Associated with Nazi ideology since Adolf Hitler adopted it as the emblem of his party, the debate on the swastika veto that continues in the West collides with the probable Hindu origin of this symbol, to which the faithful go to attract good fortune to the houses and temples of India.

The Senate of California, in the United States, was the last to join the discussion by approving a bill last week that differentiated between the Nazi swastika, known as the Hakenkreuz (hook cross), and the one used for thousands of years. years several religions such as Hinduism, Jainism or Buddhism, whose representation will be legal.

This debate also remains open on the other side of the world, where several Australian states are discussing criminalizing the display of the swastika for the terror it represents, while allowing its use in religious or educational settings.

IDENTICAL SHAPE, OPPOSITE MEANINGS

Despite the fact that both signs are identical and their orientation is the same, their meaning differs completely, since the one used in Hinduism has always been associated “with goodness, prosperity, kindness and positivity,” explained to Efe the historian of the University of Punjab, in the north of India, M. Rajivlochan.

“The swastika is a symbol of the Indian civilization and its culture, in India it is never connected with anything evil or destructive, for this there is the left-oriented symbol called sauvastika,” he continued. .

A positive connotation that this emblem also enjoyed in several Western countries, such as the United States, the United Kingdom or Finland, among others, until its appropriation by Hitler from 1920, who made it the emblem of the Nazi Party and terrorized millions of Jews with it.

Until then, it was not uncommon to see swastikas on the military equipment of other countries or even in Coca Cola advertising, but after its association with Nazism this sign disappeared completely from the public sphere in the West, loaded forever with bad memories.

MILLENARY ORIGIN

The first known use of the swastika dates back 15,000 years in time, according to the Britannica encyclopedia, when it was discovered in present-day Ukraine carved into a marble figure of a bird depicted on a mammoth tusk.

However, they were also common thousands of years ago among the civilizations that inhabited the valleys of the Indus River that runs through the Indian subcontinent, Rajivlochan said, which added to the fact that the term comes from the Sanskrit ‘svastica’ (good fortune), makes sure to this historian that the origin of this symbol is “in the oldest layers of the history of India”.

Unlike European civilizations, which used the swastika mainly for decorative purposes by interpreting it as a Christian “derivation of the cross”, according to the historian, Hinduism, Jainism and Buddhism adopted it as a sacred symbol that has escaped negative connotation of Nazism.

For this reason, the swastika continues to be used in Indian homes to attract good fortune to those who paint it on the doors of their houses, or to the temples on whose columns they appear embodied.

In addition, it is also common in decorations such as bracelets or stickers that, attached to the front or rear windows of vehicles, accompany drivers on their trips.

NO DEBATE IN INDIA

According to Rajivlochan, no one in India related the cross of Nazism to the sacred swastika of Hinduism when it was appropriated in the 20th century, so Indian scholars “have remained indifferent to the debate” about the uses of it that is taking place. producing in the West.

However, the discussion seems never to end outside the borders of the Indian subcontinent, and Canada witnessed last March a new request from one of its parliamentarians of Indian origin, who asked to distinguish between the two symbols when it was debated in the House. on the prohibition of the swastika.

“I call on members of this House and all Canadians to distinguish between the sacred Hindu religious symbol of the swastika and the Nazi symbol of hatred called Hakenkreuz in German,” said MP Chandra Arya.

“We support a ban on the Nazi Hakenkreuz symbol of hatred or the hooked cross.
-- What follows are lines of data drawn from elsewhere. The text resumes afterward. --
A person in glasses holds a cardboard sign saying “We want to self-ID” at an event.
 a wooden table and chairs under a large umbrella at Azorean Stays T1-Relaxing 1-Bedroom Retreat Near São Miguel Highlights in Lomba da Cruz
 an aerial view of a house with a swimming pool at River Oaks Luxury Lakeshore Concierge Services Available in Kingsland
But to call it a swastika is to deny Canadian Hindus our religious right and freedom to use our holy symbol of the swastika in our daily lives,” he added.

Questioned about this, a large number of faithful Hindus residing in India say they live completely oblivious to the debate in the West, but what they are clear about is that the symbol that is present in their temples and homes only implies positive attributes.

“It represents good things. It has nothing to do with Nazism,” said one of the faithful outside a temple dedicated to Hanuman, the Hindu monkey god, in New Delhi.